**Requirement:**
Give back the records below exactly, omitting the pictures.

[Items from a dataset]
****

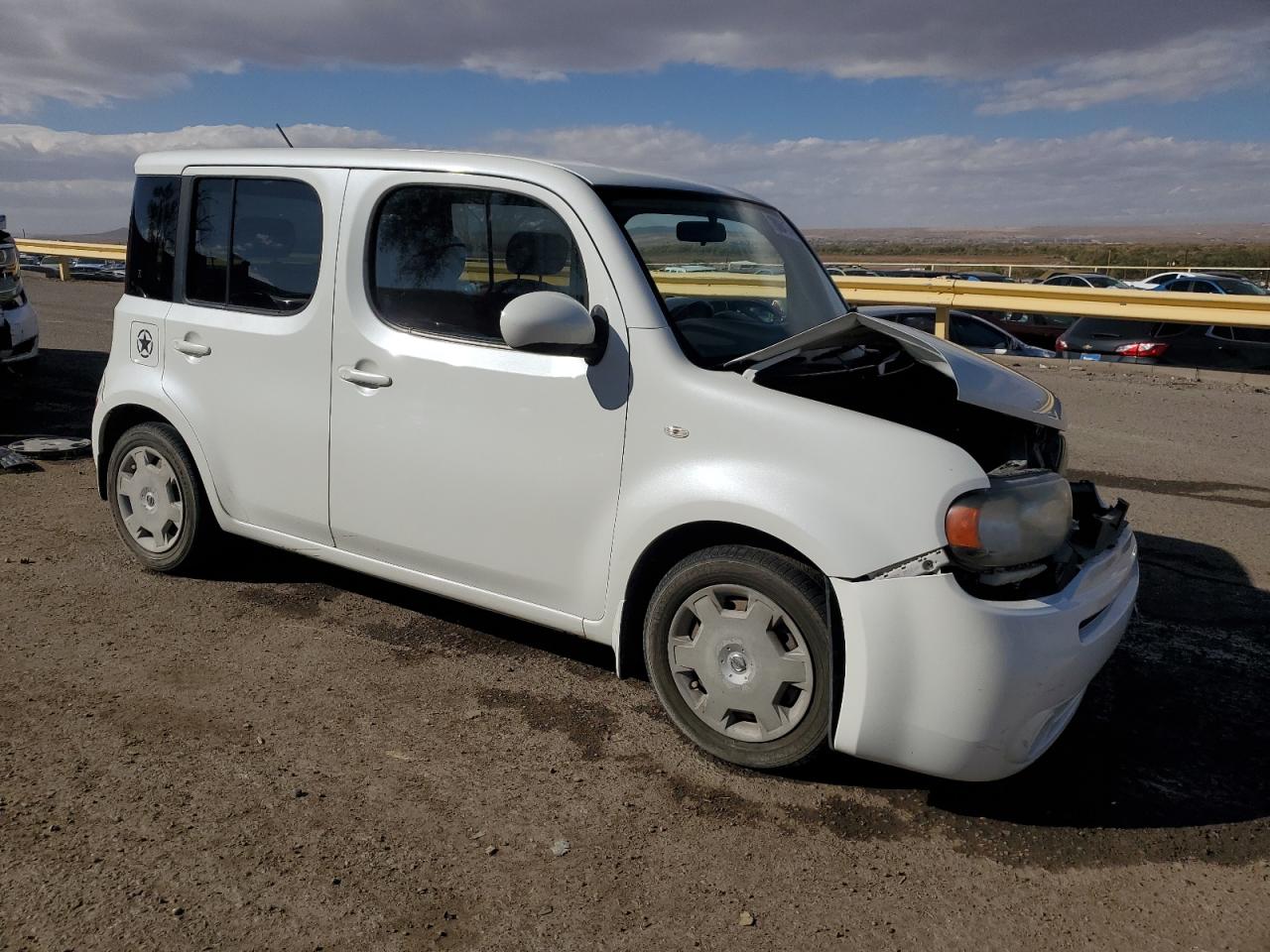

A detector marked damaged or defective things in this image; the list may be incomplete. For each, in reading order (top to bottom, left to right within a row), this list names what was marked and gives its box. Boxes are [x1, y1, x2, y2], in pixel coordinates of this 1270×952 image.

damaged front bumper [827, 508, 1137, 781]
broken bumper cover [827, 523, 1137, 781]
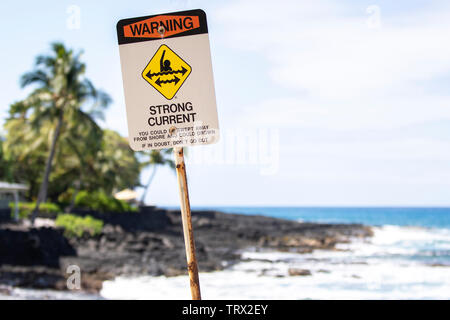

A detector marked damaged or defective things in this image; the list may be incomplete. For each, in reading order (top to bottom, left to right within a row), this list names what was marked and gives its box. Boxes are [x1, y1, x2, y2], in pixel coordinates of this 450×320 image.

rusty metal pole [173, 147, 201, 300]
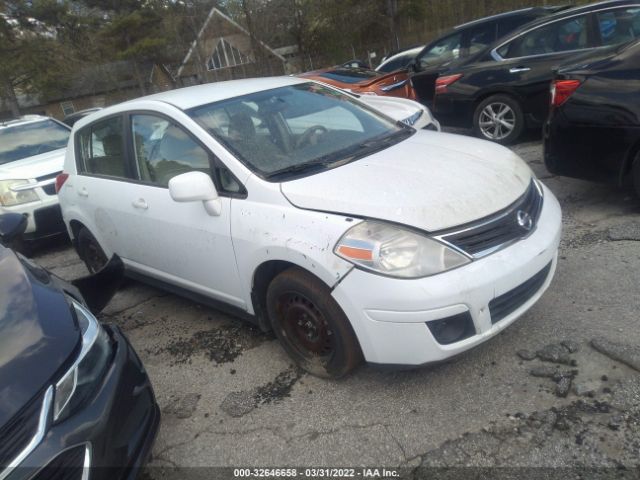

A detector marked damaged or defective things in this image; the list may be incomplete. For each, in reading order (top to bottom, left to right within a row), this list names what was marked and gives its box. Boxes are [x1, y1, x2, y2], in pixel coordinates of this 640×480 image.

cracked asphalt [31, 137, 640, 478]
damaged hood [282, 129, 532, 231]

****

**Response area:**
A detector marked damaged or defective things in this image; the list may be incomplete. For each, in reading order (top to bottom, left to right within a row), this list names what was marked and gives its box. Boxes are [x1, y1, x2, y2], in pixel coordinates of this 1270×952 image.

damaged front bumper [827, 508, 1137, 781]
broken bumper cover [827, 523, 1137, 781]

A detector marked damaged or defective things in this image; the list may be incomplete. For each, in reading order (top to bottom, left to right within a row), this list names what was marked and gives its box. Boxes are [x1, y1, x2, y2], in pixel coordinates of this 450×320 image.

rusty metal pole [173, 147, 201, 300]

A detector marked damaged or defective things in this image; the list may be incomplete. For each, in reading order (top to bottom, left to right within a row), this list names what was marked and gives its box. Boxes are [x1, y1, x2, y2], in pixel coordinates of this 640×480 image.

cracked asphalt [31, 137, 640, 478]
damaged hood [282, 129, 532, 231]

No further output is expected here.